_What you have to do_:
Begin at the line containing "Various Artists - Jon" in the records below, end at the line containing "Easily Distracted By", and retype each line in that span exactly. No other line and no image should appear.

_Data for this exercise_:
⟨
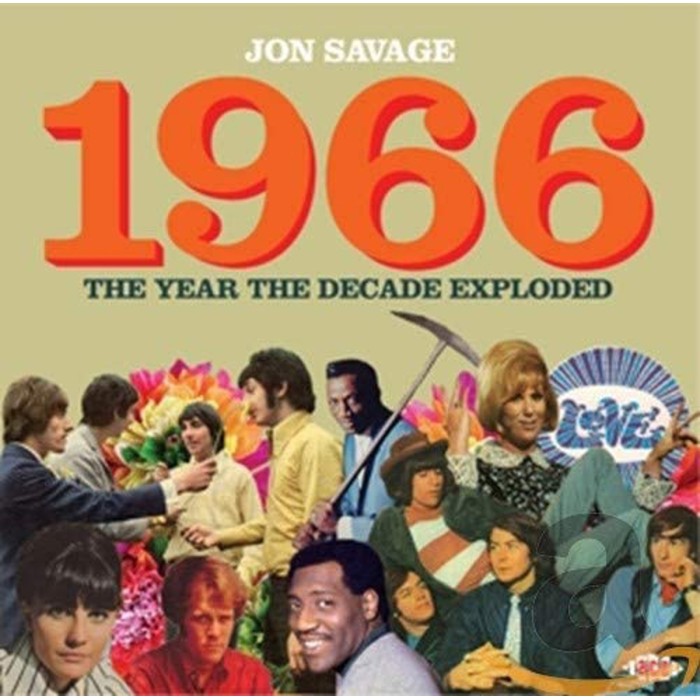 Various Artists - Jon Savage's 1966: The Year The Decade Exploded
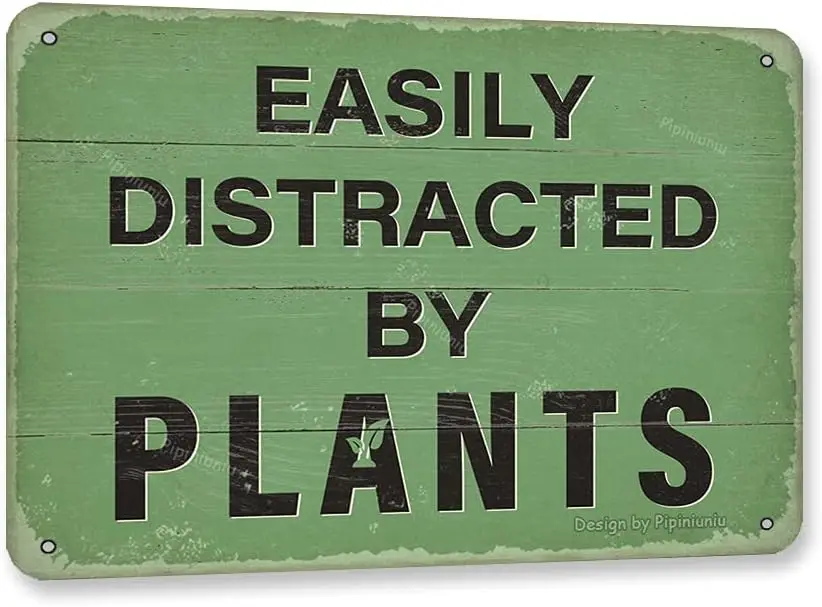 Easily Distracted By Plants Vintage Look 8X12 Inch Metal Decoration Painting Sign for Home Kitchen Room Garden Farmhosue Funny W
⟩
⟨
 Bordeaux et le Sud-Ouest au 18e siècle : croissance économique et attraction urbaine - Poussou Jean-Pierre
⟩
_Exercise answer_:
 Various Artists - Jon Savage's 1966: The Year The Decade Exploded
 Easily Distracted By Plants Vintage Look 8X12 Inch Metal Decoration Painting Sign for Home Kitchen Room Garden Farmhosue Funny W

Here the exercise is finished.